Something fun: Halloween candy was a special treat
Hands up. How many of you have stolen candy from your kids’ Halloween stash? The fun-sized candy bars, right? Yeah. Like it was gold! Then smugly commented when your child accuses you of the theft: “I made you. You owe me.” Or something of the like.
Guilty. In my middle-class upbringing, candy wasn’t readily accessible. It wasn’t in the house. There wasn’t a candy aisle in the grocery store. At least not to the extent there is today. Mom didn’t stock candy in the pantry. There weren’t any candy bar-like granola bars, either. The closest thing we had was the bag of semi-sweet Nestle’s chocolate chips you might raid for a few chips here and there. And those were pretty scarce, too. Us kids only got candy on Easter, Christmas and Halloween.

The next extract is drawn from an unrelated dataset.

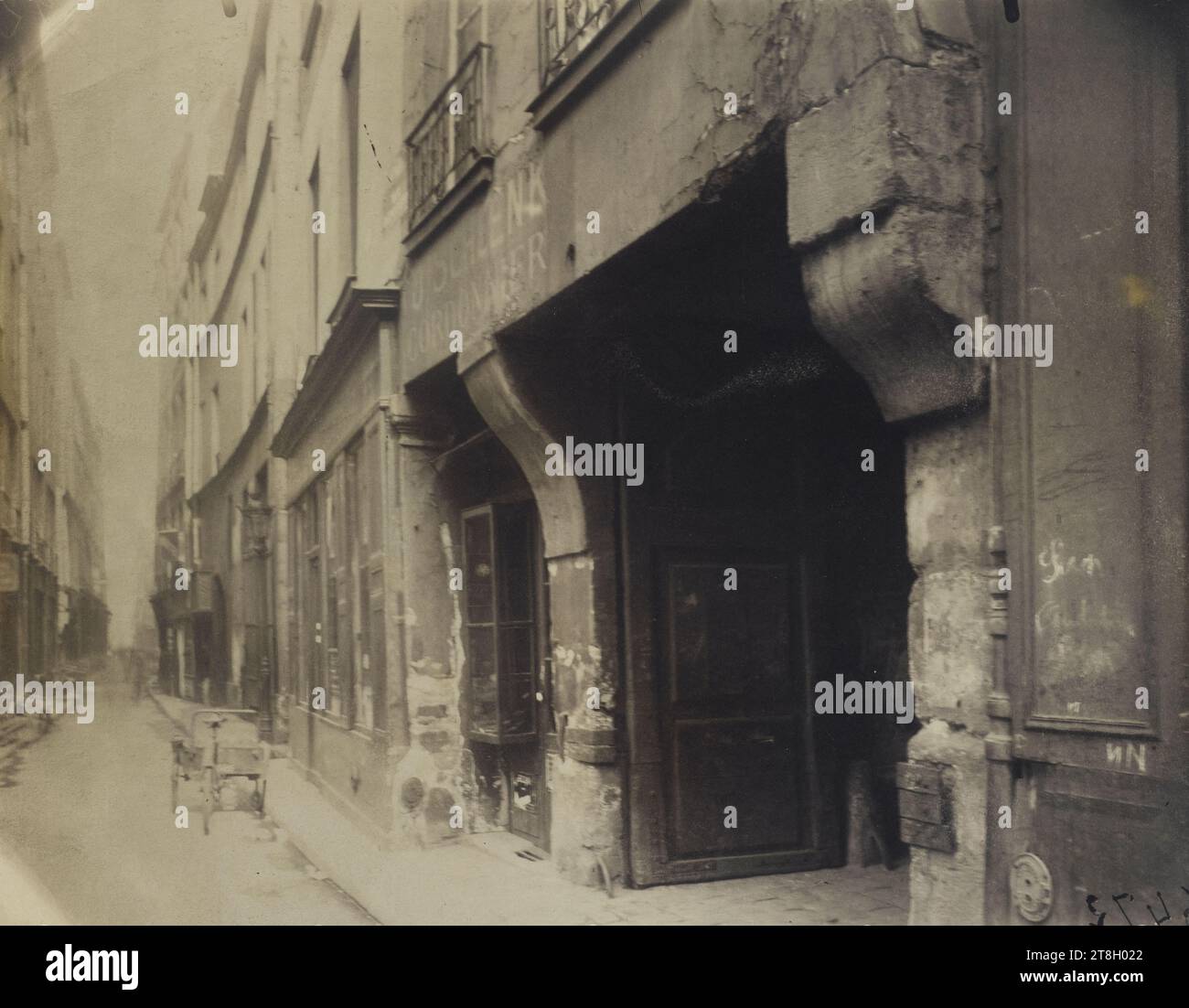 Rue Quincampoix, 3.-4. Arrondissement, Paris, Atget, Eugène (Jean Eugène Auguste Atget), Fotograf, Fotografie, Grafik, Albumendruck, Abmessungen – Arbeit: Höhe: 17,7 cm, Breite: 22,2 cm Stockfoto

Halloween candy earned during trick-or-treating? Score! My siblings and I put together our costumes, usually homemade, wiggling into old dresses mom had, digging for old hats, using tablecloths for capes, then mom’s makeup or a plastic mask from the dime store to disguise our face. Maybe mom or grandma did some crafty sewing to augment our creations.
We knew which places had the best treats, candied apples and popcorn balls, and you hit those first before they ran out. There were those houses where a trick was demanded to earn your treat, a trade-off you’d have to weigh in regard to wasted time presenting your trick and waiting for others to get through the process. We ran between houses, across streets. Skipped the dentist who gave out toothbrushes. And when you learned apples or oranges were being handed out at a certain address, skipped them, too.
We swarmed over the neighborhood from sunset to 9 p.m. or whenever porch lights were turned off. There weren’t organized costume parades held downtown or at schools or churches to provide children safer trick-or-treat environs. Halloween meant that an excitement-charged horde of witches, gypsies, ghosts, cartoon characters and the like seethed through the darkness over a several block radius to acquire a treasure trove of sugary treats.
Once the night’s loot was maximized and time had expired for further collection, we hurried home. I’m sure it was cold out, but our layered clothing, adrenaline and running kept us plenty warm. At home, shucking out of our sweaty costumes, we kept our bag of hard-won treats clenched close. You didn’t let your candy out of your sight. Adults weren’t to be trusted, nor your siblings.
In solitude, you poured out your goodies onto the floor or bed in your room, and you began to sort and tally: Snickers, Milky Ways, M&Ms, 3 Musketeers, Butterfingers, Baby Ruths, Sweetarts, wrapped peanut butter kisses, packs of candy corn, Double Bubble gum, wax bottles of sweet liquids, Pixie Stix, Tootsie Pops, hard candy, on and on. Inevitably, we’d have to go to sleep, only to find the next morning our careful tally was off. Candy was missing!
We’d surrendered the apples and oranges to our parents the night before. But that wasn’t what they wanted. Mom and Dad, usually Dad, had pillaged our plunder. Or maybe it was my sister. They never confessed. After you got home from school, more candy was missing. The ravaging of your stores continued until you were down to the yellow and green suckers, a few peanut butter kisses and rock hard bubble gum. You vowed to hide your stash better next year.
These days, kids get candy as a matter of course. Sweets are even included in the food pyramid. The candy free-for-all Halloween represented to me in my heyday doesn’t hold the same appeal for today’s kids. Halloween has become a family affair about themed costumes and adult parties. Children don’t experience the candy-driven anticipation and execution of that night of trick-or-treating. They don’t know to savor the pirate’s greed of possession and protection of one’s sugary booty. Another right of passage lost to this generation. Sigh.